Construit pour un coût de 11 milliards de dollars, le nouveau gazoduc Nord Stream 2, reliant la Russie à l’Allemagne, est -selon à qui vous le demandez-, une bouée de sauvetage énergétique pour l’industrie allemande ou un cadeau empoisonné de Vladimir Poutine.

Une chose est sûre : moins de deux semaines après le début du mandat du nouveau chancelier allemand, l’avenir du pipeline est un casse-tête dont Olaf Scholz se serait sans doute volontiers passé. C’est également l’un des premiers tests importants pour le leadership allemand dans une Europe post-Angela Merkel.

Achevé en septembre dernier, après cinq ans de construction, Nord Stream 2 est prêt à fonctionner. Mais avec les troupes russes se massant à la frontière ukrainienne, Olaf Scholz subit une énorme pression de la part de ses alliés européens qui le souhaitent voir utiliser le pipeline comme une épée finement aiguisée au-dessus de la tête de Vladimir Poutine.

Itinéraire de 1230 kilomètres

Le nouveau gazoduc s’étend le long d’un itinéraire de 1230 kilomètres, passant sous la mer Baltique, similaire au tracé de Nord Stream 1, et doublant ainsi la capacité d’acheminement du gaz russe vers l’Allemagne. Détail qui a son importance : le nouveau pipeline contourne le réseau d’approvisionnement traditionnel qui passe à travers l’Ukraine pour relier l’Union Européenne. Une source de revenus non négligeable pour Kiev, qui facture à Moscou les frais de transit du gaz russe vers l’Europe. Le président ukrainien, Volodymyr Zelensky, a récemment accusé la Russie d’orchestrer la crise du gaz en Europe en refusant d’augmenter ses livraisons, favorisant ainsi la pénurie et la hausse du prix du gaz. L’enjeu pour Vladimir Poutine : accélérer la mise en service de Nord Stream 2 pour isoler l’Ukraine tout en gardant la main sur les robinets qui alimentent l’Allemagne et le reste de l’Union Européenne.

De son côté, l’administration Biden cherche à rétablir des liens avec l’Allemagne, tendus durant les années Trump, sans enfoncer trop violemment Nord Stream 2. Elle n’est pourtant pas très favorable au projet. La Maison Blanche, ainsi que certains dirigeants européens, souhaitent que le nouveau chancelier allemand suspende la mise en service du nouveau pipeline en cas d’aggravation du conflit ukrainien.

Pour les Allemands il s'agit de gagner du temps

Le Premier ministre polonais, Mateuz Morawiecki, a appelé Olaf Scholz « à ne pas céder aux pressions de la Russie et à ne pas autoriser que Nord Stream 2 soit utilisé comme instrument de chantage ». La nouvelle ministre allemande des Affaires étrangères, Annalena Baerbock -dont le parti, Les Verts, s’est longtemps opposé à Nord Stream 2- a également déclaré que le pipeline ne devrait pas être ouvert en cas d’escalade russe dans le conflit qui l’oppose à l’Ukraine.

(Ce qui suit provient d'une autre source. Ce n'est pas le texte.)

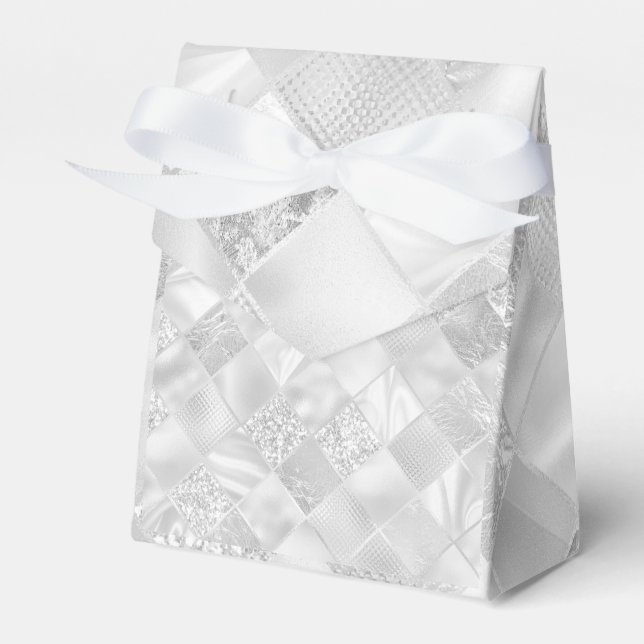Silver Diamond Pattern Favor Box (Front Side)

Mais pour Olaf Scholz, le calcul est plus compliqué. Une majorité d’Allemands a soutenu le projet de gazoduc, et l’Allemagne a un regard bien plus pragmatique sur la Russie de Vladimir Poutine, que les États-Unis et bon nombre de pays européens.

En jetant un œil sur les dernières importations américaines de pétrole russe, les Allemands soulignent l’hypocrisie de Washington à vouloir ralentir l’ouverture du nouveau projet de pipeline.

Les gazoducs Nord Stream sont considérés à la pointe de la technologie, fiables et efficaces, tandis que le réseau ukrainien est montré du doigt comme devenant obsolète et mal entretenu.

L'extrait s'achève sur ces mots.